Early in 1956, Rosenfeld dreamed that he would soon be dead: “It is dreadful to look two weeks ahead and know one’s life will be over.” Thoughts of suicide alternated with memories of his Chicago childhood and summer days in Humboldt Park. Listening to Toscanini and the NBC orchestra play the Beethoven Choral Symphony one afternoon, he was seized with nostalgia for the gang he’d hung out with in his youth. Why hadn’t he written about them? “It is my task to know my own story, to recover my shame. What do I know? I have access to myself—but not the courage to go into it.”

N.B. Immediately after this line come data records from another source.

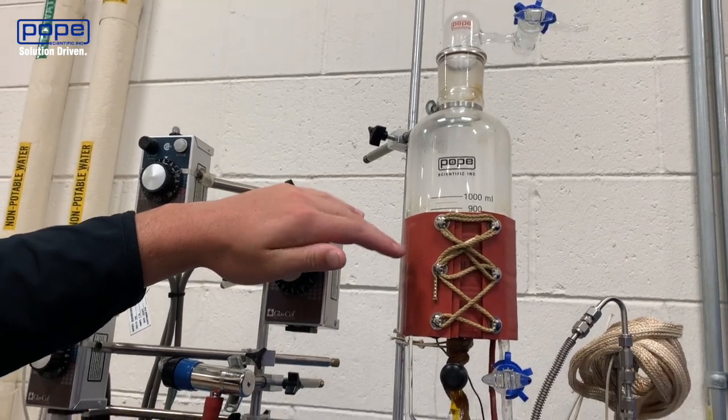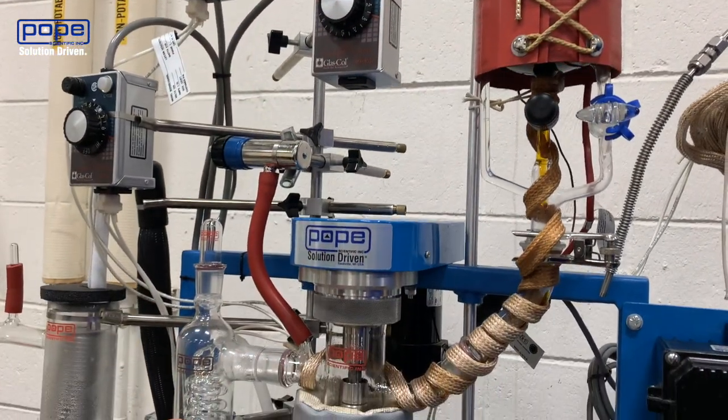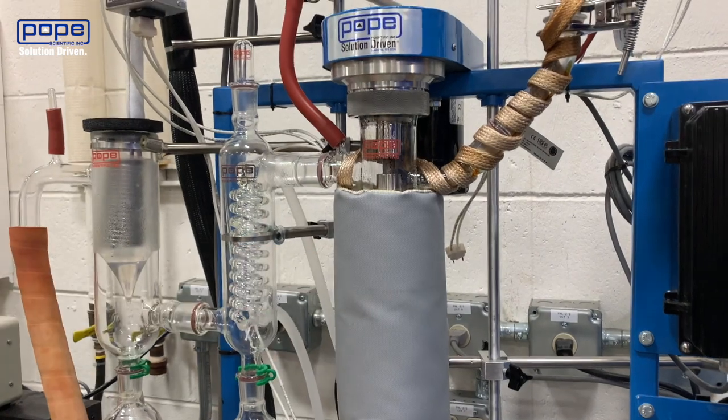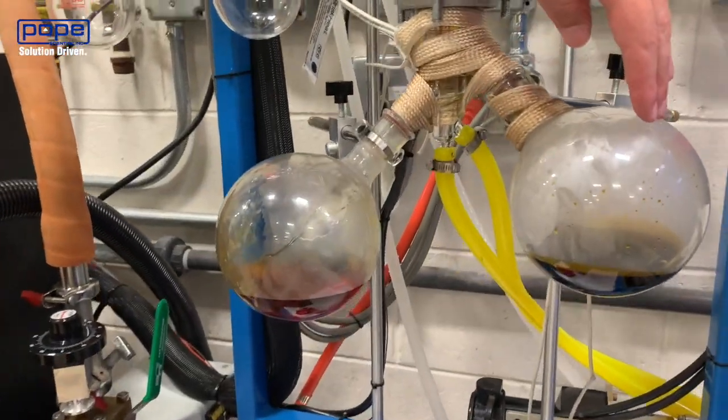As you can see, I have the material loaded in the feed flask and it's feeding down into the main column. This is where you're going to be separating your CBD from the rest of your residue material — the waste.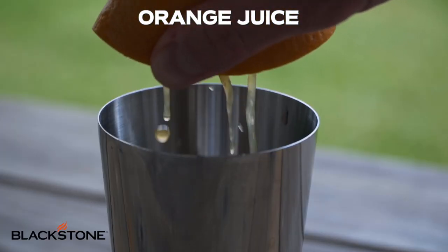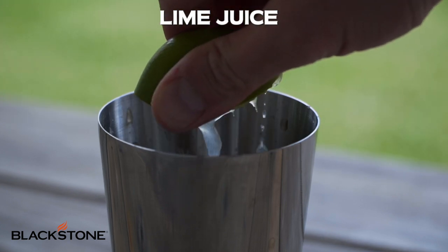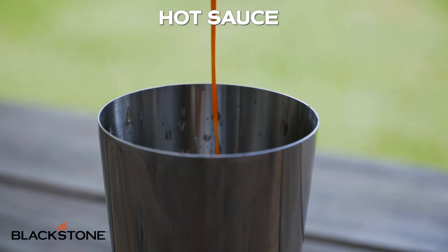So in a shaker, add orange juice, lime juice, pomegranate juice, tomato juice, and a couple splashes of the hot sauce of your choosing. Fun fact: people thought the reason that the sangrita was red was because of tomato juice — that would make sense — but actually it was all the original spices, like a chili powder or pepper powder, and the pomegranate juice. But I really do like the flavor of the tomato juice, so we're gonna add that into ours.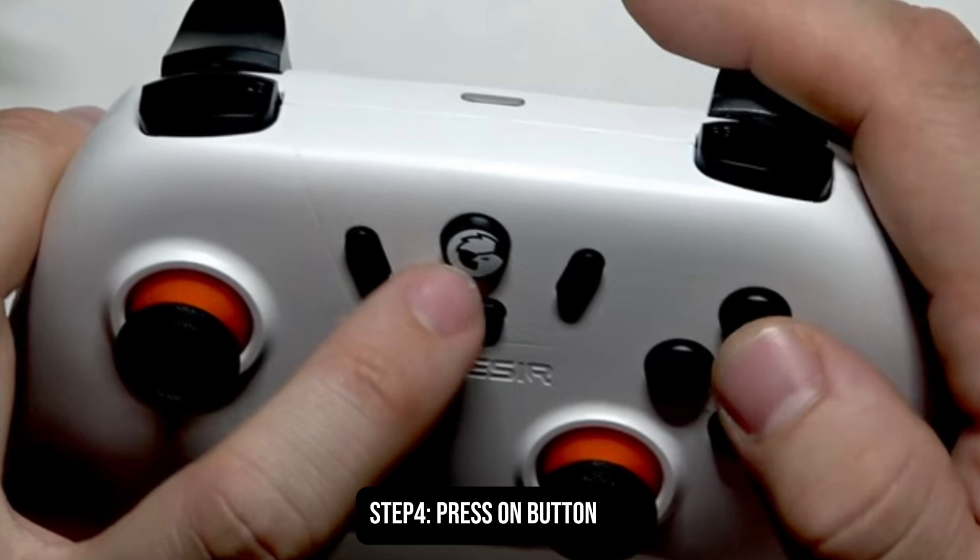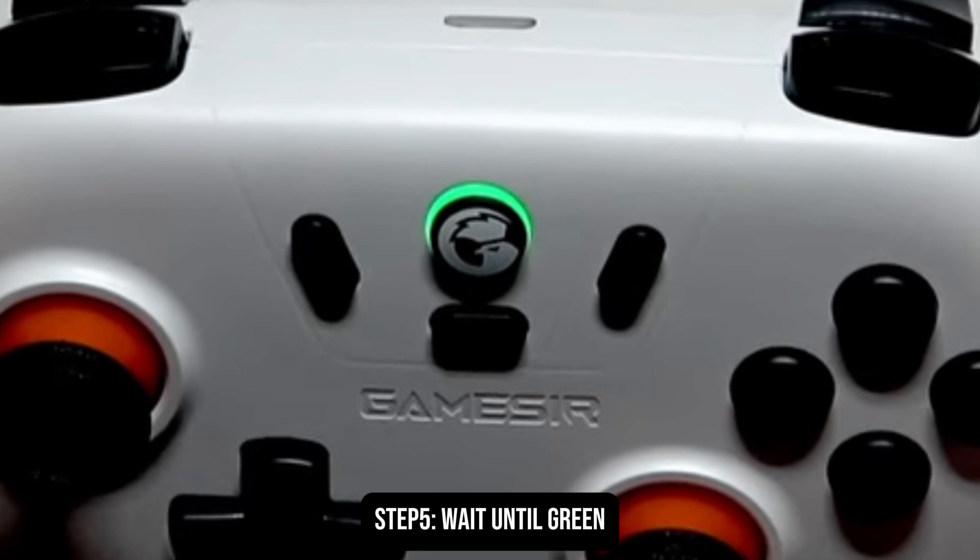Once the green light already appears, it means it is already turned on and ready to use. As you can see on the screen, the circle button is now green, so that means you can already use it on PS5 as a controller, even though it is a GameSir controller.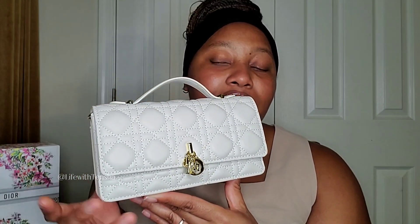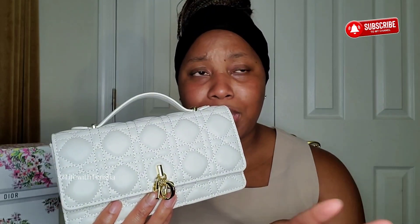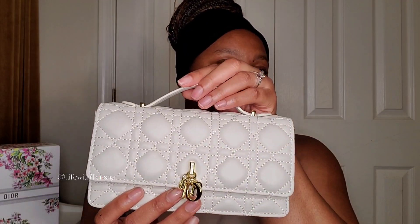I absolutely love her and all the gold accessories. There's something about gold accessories on purses — it just gives you that feeling. It's so gorgeous, it is beautiful. You can choose to carry it in your hand like this, or you can attach the chain which fits easily in the bag. Just tuck it away when you're not using it — it easily pulls out.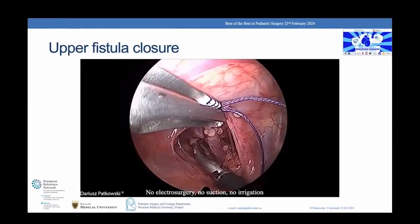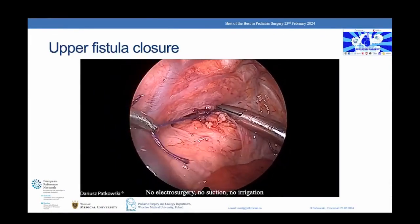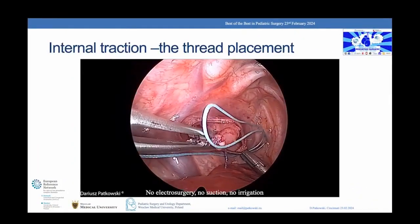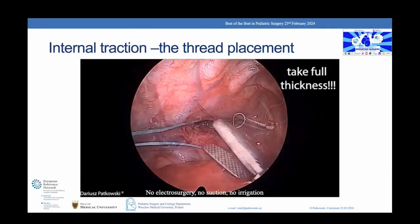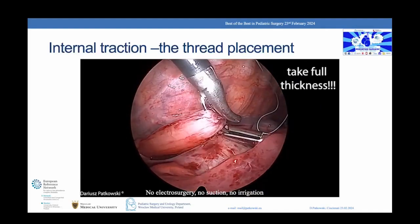The fistula is ligated on both sides and cut. Instead of a ligature, you can use clips or a 5 mm stapler. Placing the internal traction suture requires full thickness of tissue, including the mucosa layer. For internal traction, we use a 2-0 non-absorbable braided suture.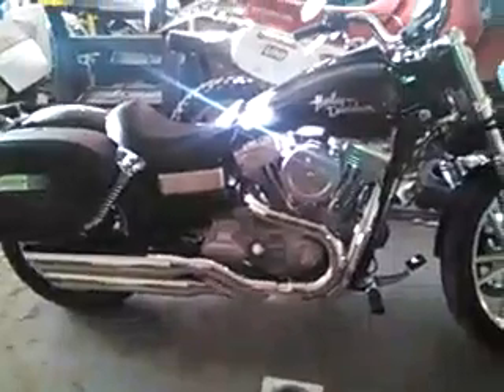This is my 2009 Super Dynaglide. I put Tommy gun exhaust pipes on there. I cut out the catalytic converter, which was pretty easy to do — I cut it with a skinny wheel and got all that crap out of there.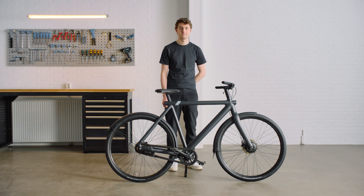And you're ready to ride. For more help, head to support.vanmoof.com.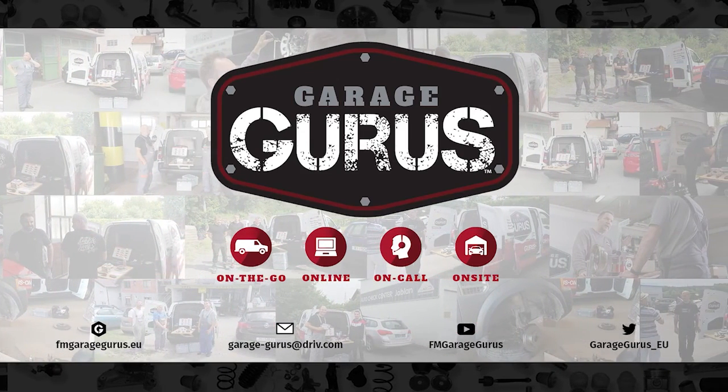Don't hesitate to like, subscribe, and be notified when we post new content. Also check out our Garage Gurus online course catalogue. Thanks, everyone.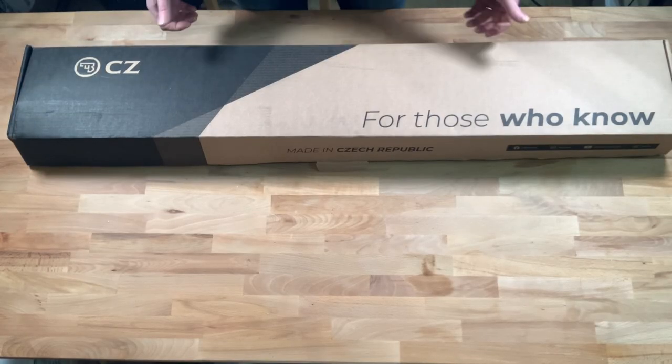Today I'm going to be unboxing a brand new CZ457 Long Range Precision. Let's take a look and see what's inside the box.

In June of that year, Rosenfeld came East to visit his children. He was “yellowish, burnt-out,” recalled Wallace Markfield, the author of a novel, To an Early Grave, that was inspired by Rosenfeld. A few days later, Markfield received a note: “He’d had it with Chicago, he was desperate, he wanted a job in New York. ‘Anything, please, anything.”‘7 Two weeks later, he died of a heart attack.

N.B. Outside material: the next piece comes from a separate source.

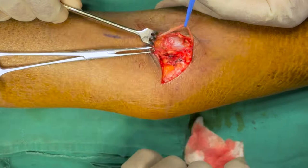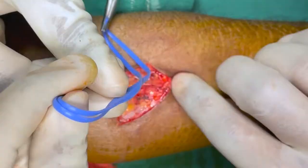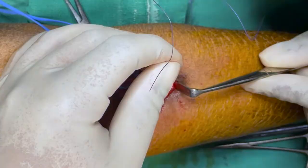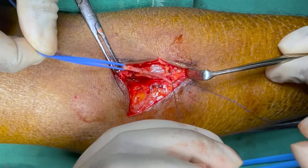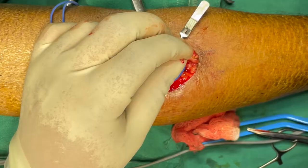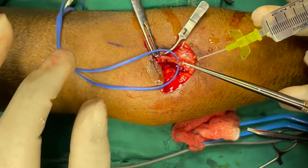Then the vein is mobilized proximally. Once we have adequate length, ligate the distal end and divide. Now look for the patency of the vein by injecting heparinized saline.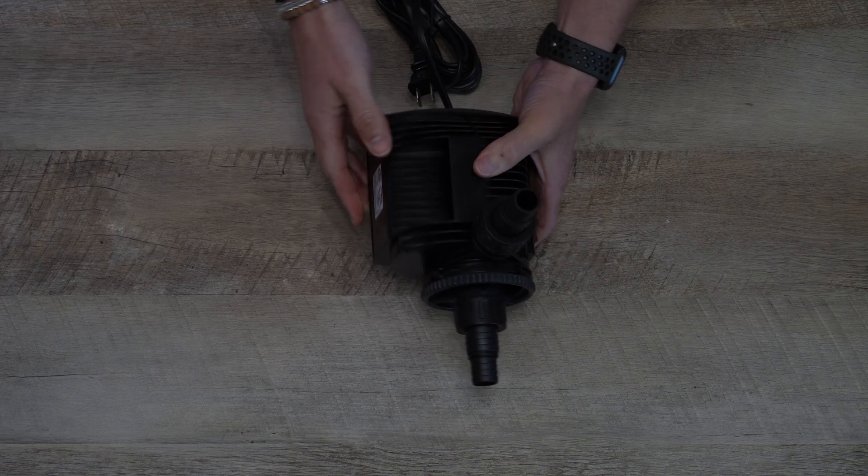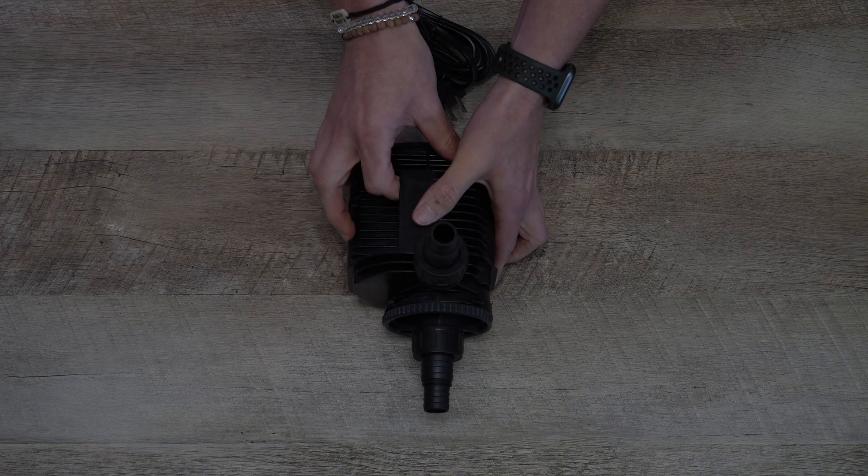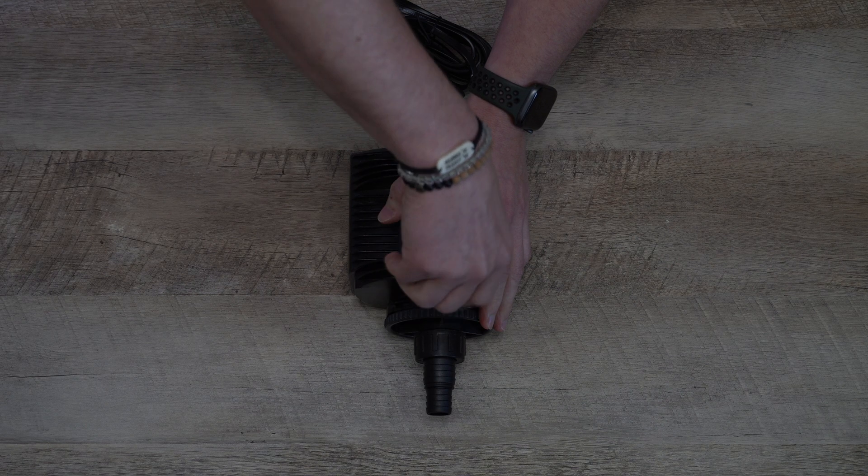Remember, prior to placing your Synchra Pro in its location, clean the area and place the pump in a very steady way. For more information regarding the Synchra Pro, also visit Syche.com.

Rosenfeld was a “failure,” Kazin remarked in his memoir (putting the word between quotation marks as if also to disavow the verdict). By whose definition? Three books—even if two of them were posthumous—is a substantial achievement for a writer dead at thirty-eight. No matter what he accomplished, he felt he could never measure up. “He combined all the reticence and shyness of a small sickly Jewish boy from Chicago with heroic ideas about destiny,” Bellow wrote. “And after all, history would not have been history without these apparently timid and inconspicuous Jewish children.”8

The last entry in his journal reads:

This is what I have forgotten about the creative process, & am only now beginning to remember—that time spent is time fixed. One creates a work to outlive one—only art does this—& the source of creativity is the desire to reach over one’s own death. Maybe now, if I want to create again, I want once more to live; & before I wanted, I suppose, to die.